Yesterday we woke to our first dusting of snow. Although it was pretty, standing on our porch shivering I found myself longing for spring. Today’s post was written by author Delia Latham after a long winter. As we head toward blizzard season (in MO, anyway) take a moment to remember those first rose buds, leaf sprigs, and yes…weeds.

Pretty Little Weeds by Delia Latham

Spring brings with it such incredible beauty! Every year, I’m amazed all over again by the stunning gift of nature God gives us so freely, and which we rarely take time to fully appreciate.

Yesterday, I also discovered a lesson hiding in some of that beauty. Is it a new thing? No…I tend to agree with King Solomon: There is nothing new under the sun. But sometimes we need a reminder of things we already know, don’t you think?

My family had gathered out on the front deck, enjoying the sunshine and welcome warmth after a cold, harsh Winter that seemed endless. Most of the trees around us are donning their dress-up gowns in various shades of green for the new season. Across the way, Mr. Nichols’ redbud tree is a picture of fuschia-colored glory. Bright yellow forsythia blooms in several yards down the road.

Even the lawns have greened up and are taking part in the joyous song of nature, which always seems to me at this time of year to be praising God for another chance to shine.

Our front lawn needs to be mowed. It’s so beautiful right now, though, that I told my husband I hated to see the lawn mower come out of the garage. The grass is covered in a beautiful carpet of some kind of pale purple wildflower, just tall enough to blow and sway with every breeze. From where I was sitting, it looked like a sea of heather, stirred by gentle waves.

Of course, that’s just me being fanciful. Those pretty blooms aren’t even wildflowers, according to my husband. They’re weeds, and must be mown down—and the sooner the better, to prevent them choking out the grass. My daughter-in-law told me their lawn is covered in something similar, but it’s pretty little white flowers, which are also, unfortunately, just some kind of weed.

As I sat there and studied those pretty weeds, God impressed on me how similar they are to things that often crop up in our lives—things that need to be weeded out, but which we steer the metaphorical lawnmower around because we like them:

• Habits that threaten our health and shorten our lifespan. We not only “allow” them to remain in our lives, we embrace them, nourish them, cling to them, because they fulfill something within us. (Smoking, drinking, overeating, caffeine, OTC drugs, for instance.)

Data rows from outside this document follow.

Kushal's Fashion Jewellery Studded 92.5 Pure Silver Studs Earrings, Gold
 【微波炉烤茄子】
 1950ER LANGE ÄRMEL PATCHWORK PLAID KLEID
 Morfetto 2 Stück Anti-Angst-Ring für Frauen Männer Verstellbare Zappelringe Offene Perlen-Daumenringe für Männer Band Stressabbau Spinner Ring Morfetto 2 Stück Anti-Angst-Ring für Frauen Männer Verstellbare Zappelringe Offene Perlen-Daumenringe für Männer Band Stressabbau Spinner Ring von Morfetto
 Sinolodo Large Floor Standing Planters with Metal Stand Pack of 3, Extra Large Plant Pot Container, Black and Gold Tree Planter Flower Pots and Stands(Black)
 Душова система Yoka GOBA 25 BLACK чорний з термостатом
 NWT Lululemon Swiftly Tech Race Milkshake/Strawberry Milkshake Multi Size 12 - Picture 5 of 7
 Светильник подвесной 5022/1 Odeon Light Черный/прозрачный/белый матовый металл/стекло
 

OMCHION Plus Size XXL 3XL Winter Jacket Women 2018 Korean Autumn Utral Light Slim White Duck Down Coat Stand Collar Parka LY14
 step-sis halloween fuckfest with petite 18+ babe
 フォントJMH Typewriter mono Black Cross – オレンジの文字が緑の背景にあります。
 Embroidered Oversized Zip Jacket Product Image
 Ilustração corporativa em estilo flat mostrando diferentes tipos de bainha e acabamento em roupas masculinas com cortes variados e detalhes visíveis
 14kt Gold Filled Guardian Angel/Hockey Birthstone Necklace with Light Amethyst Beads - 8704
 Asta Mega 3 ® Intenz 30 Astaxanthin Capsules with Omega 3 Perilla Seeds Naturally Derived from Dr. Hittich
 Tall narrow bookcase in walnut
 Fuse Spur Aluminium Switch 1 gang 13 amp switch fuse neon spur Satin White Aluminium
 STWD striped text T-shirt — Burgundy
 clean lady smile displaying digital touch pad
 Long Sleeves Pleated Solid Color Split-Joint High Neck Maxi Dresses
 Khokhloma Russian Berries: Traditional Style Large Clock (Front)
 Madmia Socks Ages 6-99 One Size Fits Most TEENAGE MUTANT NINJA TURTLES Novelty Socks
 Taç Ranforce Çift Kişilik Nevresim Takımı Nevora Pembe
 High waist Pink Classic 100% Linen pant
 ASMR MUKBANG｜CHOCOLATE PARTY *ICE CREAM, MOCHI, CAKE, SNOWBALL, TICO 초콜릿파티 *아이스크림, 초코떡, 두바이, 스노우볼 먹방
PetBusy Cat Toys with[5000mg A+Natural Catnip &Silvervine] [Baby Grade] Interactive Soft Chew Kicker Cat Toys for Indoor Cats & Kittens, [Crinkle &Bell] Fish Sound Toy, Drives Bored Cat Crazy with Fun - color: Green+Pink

• Pastimes that probably shouldn’t be a part of the life of a Christian . They usually contain some element of attractiveness—that’s how Satan convinces us to take part in them. Simple things like books and movies that contain an over-abundance of R (or higher)-rated language, violence, sex, etc. Places we go that fall outside the auspices of acceptability for a Christian. Even the company we keep can fall into the category of a weed that, if allowed to flourish within our own lives, can choke out the healthy, godly growth that we should be nourishing.

Most of us, if we call ourselves Christians, do a fine job of holding at bay what we consider “big” sins. Think about it. Satan couldn’t convince us to rob a bank, sleep with our neighbor’s wife or husband, get high on cocaine, or molest a child if he tried from now until the end of the world. We know that…and so does he. His best chance of worming his evil way into our lives is through the little things: the pretty weeds on the lawn.

Song of Solomon 2:15 attributes the spoiling of the vine to “the little foxes.” Not a big lion or bear, not some frightening beast that’s difficult to bring down. No, it’s the cute little foxes. The things we barely notice, and if we do, they hold a certain amount of attraction for us. Baby foxes are adorable to look at…but when they’re grown, they become troublesome creatures that are not often welcome on one’s property.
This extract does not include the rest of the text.